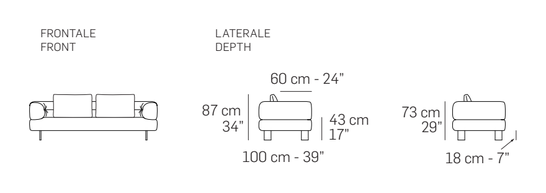 Klarence Sofa by Nicoline, size drawing: Front and side views
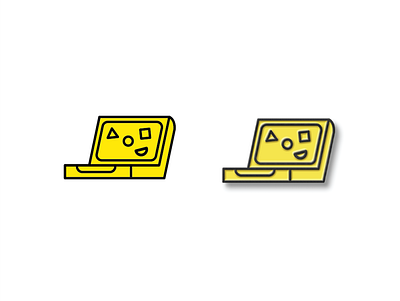 Computer pin enamel enamel pin pins shapes yellow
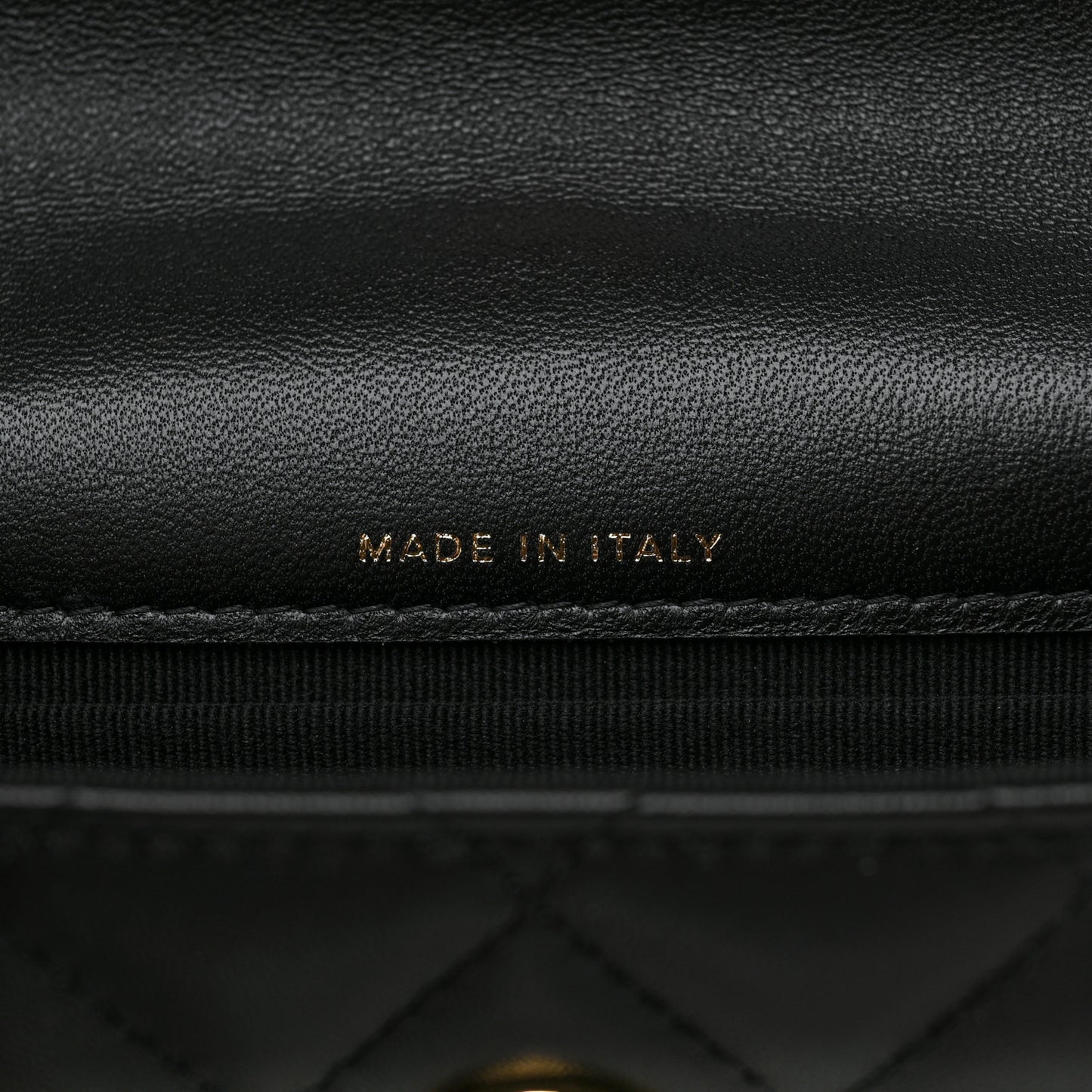 Lambskin Quilted CC Hook Card Holder Black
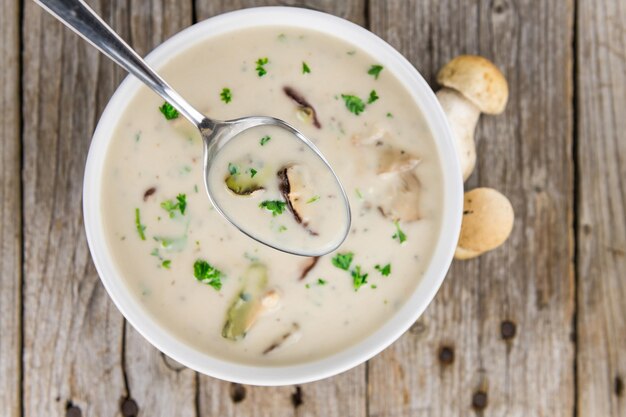 Portion of Porcini Soup selective focus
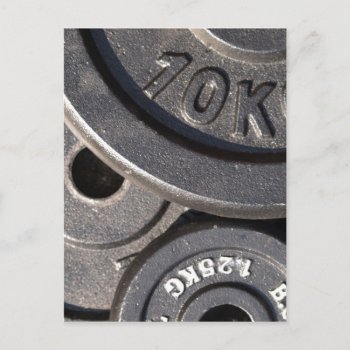Gym Weights Postcard by theunusual at Zazzle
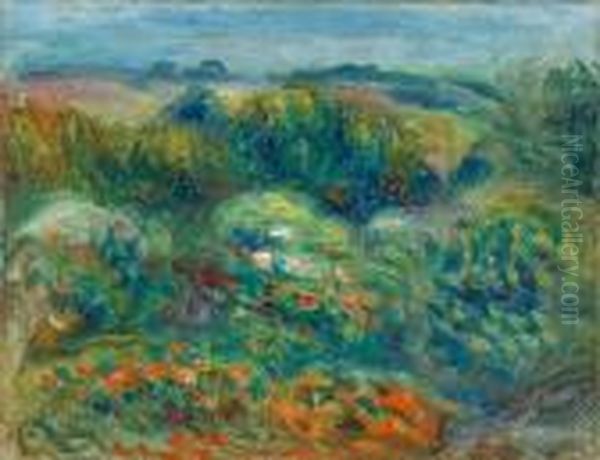 Site Montagneux, Arbustes Et Fleurs Oil Painting by Pierre Auguste Renoir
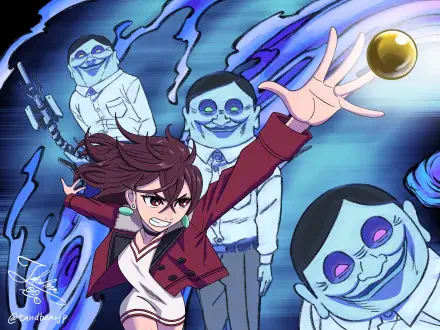 2K Quad HD PC wallpaper of Momo Ayase (Dandadan): she lunges forward amid swirling blue energy with ghostly figures looming behind, bold anime colors and dynamic motion.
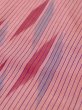 Photo7: N0123C Antique Japanese women Vivid Grayish Pink TSUMUGI pongee / Silk. Stripes Arrow feather pattern. There is an impression from use.  (Grade C) (7)
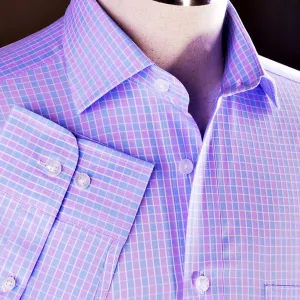 Purple Blue Plaids & Checks Formal Business Dress Shirt Checkered Fashion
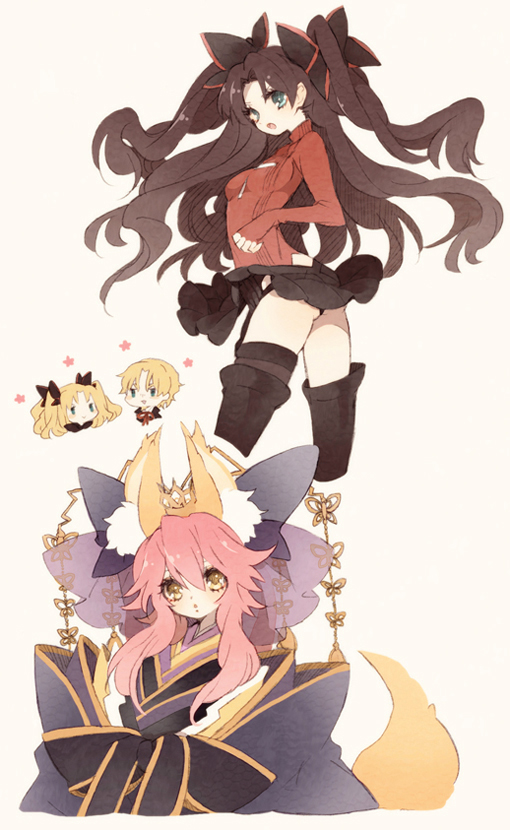10s 1boy 2girls animal_ears black_hair black_legwear blonde_hair blue_eyes bow fate/extra fate_(series) fox_ears fox_tail garter_straps guilty hair_bow hair_ribbon japanese_clothes kimono long_hair multiple_girls panties pink_hair ribbon tail tamamo_no_mae_(fate) thighhighs tohsaka_rin tohsaka_rin_(fate/extra) tohsaka_rin_(true_appearance)_(fate/extra) tohsaka_tokiomi tsumi_guilty two_side_up underwear upskirt yellow_eyes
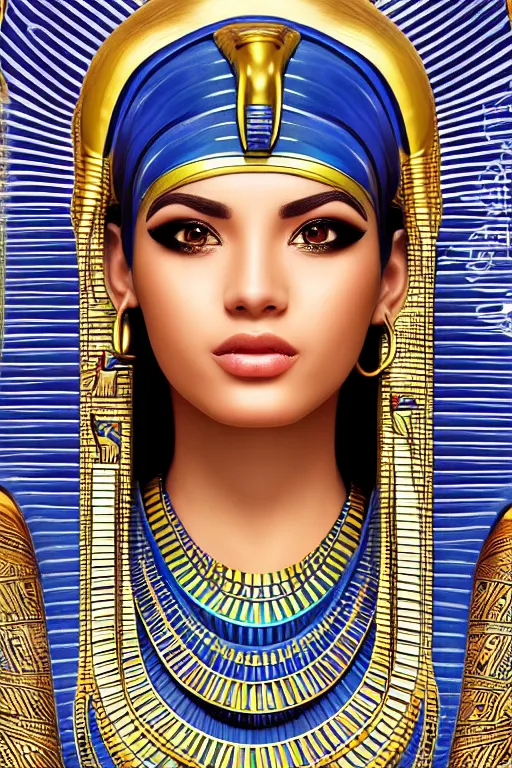 Prompt: a highly detailed beautiful portrait of a egyptian god with facial expression : enthusiastic in the style of artgerm.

=====

» What this task involves
Your response must restate every record above exactly, with each picture omitted.

» Task solution
 Klarence Sofa by Nicoline, size drawing: Front and side views
 Computer pin enamel enamel pin pins shapes yellow
 Lambskin Quilted CC Hook Card Holder Black
 Portion of Porcini Soup selective focus
Gym Weights Postcard by theunusual at Zazzle
 Site Montagneux, Arbustes Et Fleurs Oil Painting by Pierre Auguste Renoir
 2K Quad HD PC wallpaper of Momo Ayase (Dandadan): she lunges forward amid swirling blue energy with ghostly figures looming behind, bold anime colors and dynamic motion.
 Photo7: N0123C Antique Japanese women Vivid Grayish Pink TSUMUGI pongee / Silk. Stripes Arrow feather pattern. There is an impression from use.  (Grade C) (7)
 Purple Blue Plaids & Checks Formal Business Dress Shirt Checkered Fashion
10s 1boy 2girls animal_ears black_hair black_legwear blonde_hair blue_eyes bow fate/extra fate_(series) fox_ears fox_tail garter_straps guilty hair_bow hair_ribbon japanese_clothes kimono long_hair multiple_girls panties pink_hair ribbon tail tamamo_no_mae_(fate) thighhighs tohsaka_rin tohsaka_rin_(fate/extra) tohsaka_rin_(true_appearance)_(fate/extra) tohsaka_tokiomi tsumi_guilty two_side_up underwear upskirt yellow_eyes
 Prompt: a highly detailed beautiful portrait of a egyptian god with facial expression : enthusiastic in the style of artgerm.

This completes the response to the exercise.